Some call Basaiti one of the last masters of the early Renaissance and his works demonstrate a refined quattrocento style. However, despite his best efforts, his works are still generally considered to be one step behind the trends of the Venetian painting of that time.

== Works ==
There are approximately 30 known pieces currently attributed to Basaiti.
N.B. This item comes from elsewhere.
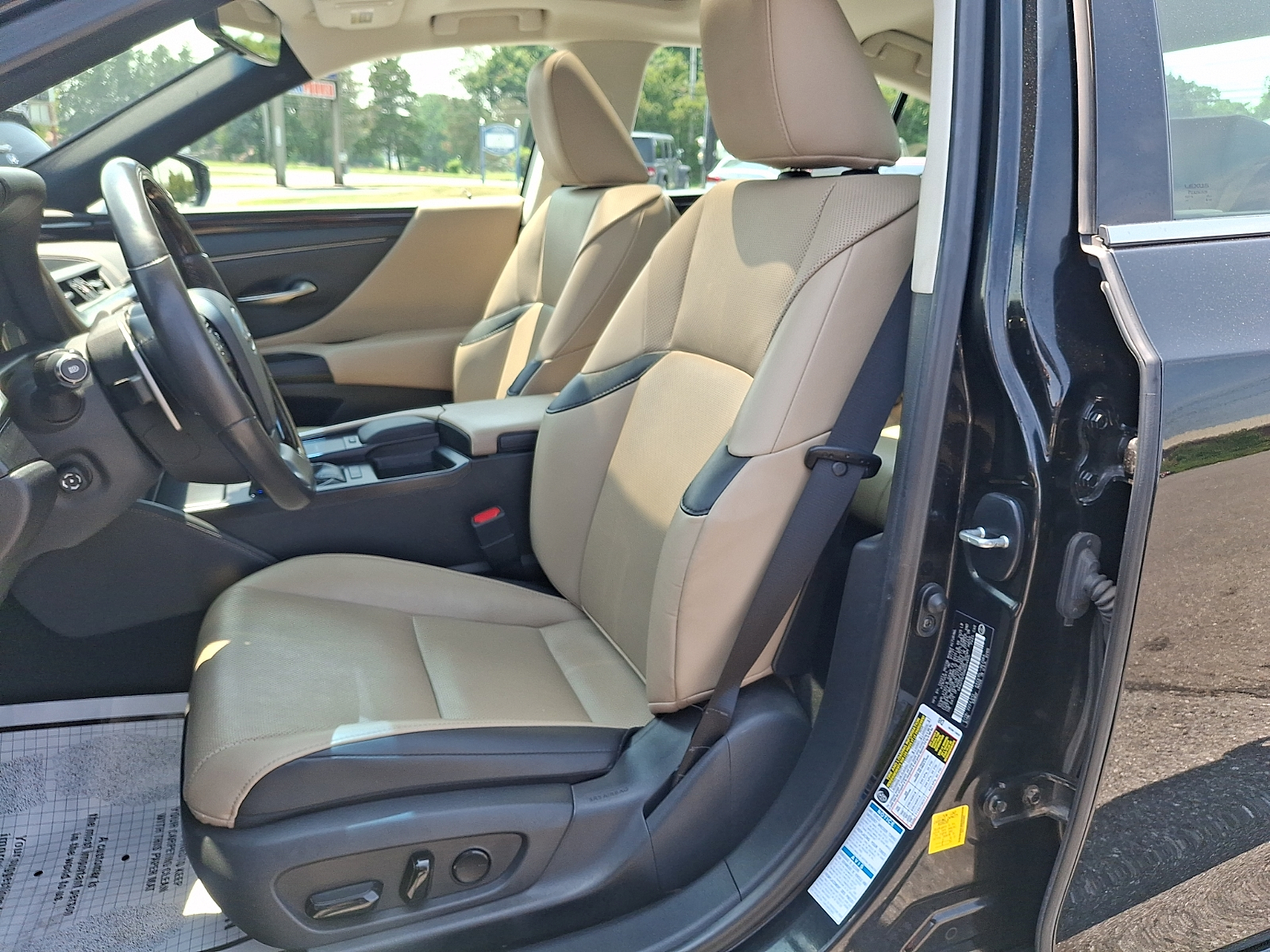 Used 2021 Lexus ES 250 Sedan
| Date attributed | Painting | Location | Type |
| 1495–1500 | Portrait of a Young Man | National Gallery London | Oil on panel |
| 1496–1505 | The Virgin and Child | National Gallery London | Oil on panel |
| 1500 | Portrait of a Gentleman | RISD Museum, Providence, Rhode Island | Oil on panel |
| 1500 | Saint Catherine of Alexandria | Szépmüvészeti Múzeum, Budapest | Oil on panel |
| 1500–1501 | Virgin and Child with Saint James the Great | Philadelphia Museum of Art | Oil on panel |
| 1500–1505 | Portrait of Doge Agostino Barbarigo | Szépmüvészeti Múzeum, Budapest | Oil on panel |
| 1500–1510 | Madonna and Child with Saint Chiara and Saint Francis | Academia Carrara | Oil on panel |
| 1500–1510 | Portrait of a Man in a Cap | Museo Correr, Venice | Tempera on panel |
| 1501–1502 | Madonna and Child with a Donor | Location unknown | Tempera on panel |
| 1503 | Altarpiece of Saint Ambrose | Frari Basilica | Oil on panel |
| 1505 | Portrait of a Young Man | Private collection | Oil on panel |
| 1508 | The Deposition | Alte Pinakothek, Bayerische Staatsgemäldesammlungen | Oil on panel |
| 1508 | Virgin and Child with Saints | Fitzwilliam Museum, University of Cambridge | Tempera on panel |
| 1510 | The Call of the Sons of Zebedee | Galleria dell Accademia, Venice | Oil on panel |
| 1510 | Dead Christ | Szépmüvészeti Múzeum, Budapest | Oil on panel |
| 1510 | Madonna and Child | Georgia Museum of Art, Athens Georgia | Oil on panel |
| 1510–1516 | Christ Praying in the Garden (Agony in the Garden) | Galleria dell'Accademia, Venice | Oil on panel |
| 1515–1516 | Portrait of a Gentleman with a Cap | Academia Carrara | Oil on panel |
| 1517 | Blessed Redeemer | Academia Carrara | Oil on panel |
| 1518–1519 | Madonna and Child with Saint John the Baptist and Saint Liberalis | Muzeum Palacu Krola Jana III w Wilanowie, Warsaw | Oil on panel |
| 1520 | Madonna Adoring the Child | National Gallery of Art, Washington | Oil on panel |
| 1520 | The Resurrection of Christ | Accademia Carrara | Oil on canvas |
| 1521 | Portrait of a Gentleman in Black | Academia Carrara | Oil on panel |
| 1527 | The Lamentation | The State Hermitage Museum, St. Petersburg | Oil on canvas |
| No date given on website | Head of the Virgin | Ashmolean Museum of Art and Archaeology, University of Oxford | Oil on panel |
| No date | The Lamentation of Dead Christ | Museum of Fine Arts, Boston | Oil on panel |
| No date | Saint Peter Enthroned with Four Saints | San Pietro di Castello | Oil on canvas |
| No date | Saint Sebastian | Santa Maria della Salute, Venice | Oil on canvas |
| No date | San Girolamo | Museo Correr, Venice | Oil on panel |
| No date | Dead Christ between Two Angels | Galleria dell'Accademia, Venice | Oil on panel |
| No Date | Penitent Saint Jerome | Musée des Beaux-Arts, Strasbourg | Oil on panel |

The table is ordered by date and those with a range of dates were ordered based on their earliest estimated date. Those with no determined dates were listed last.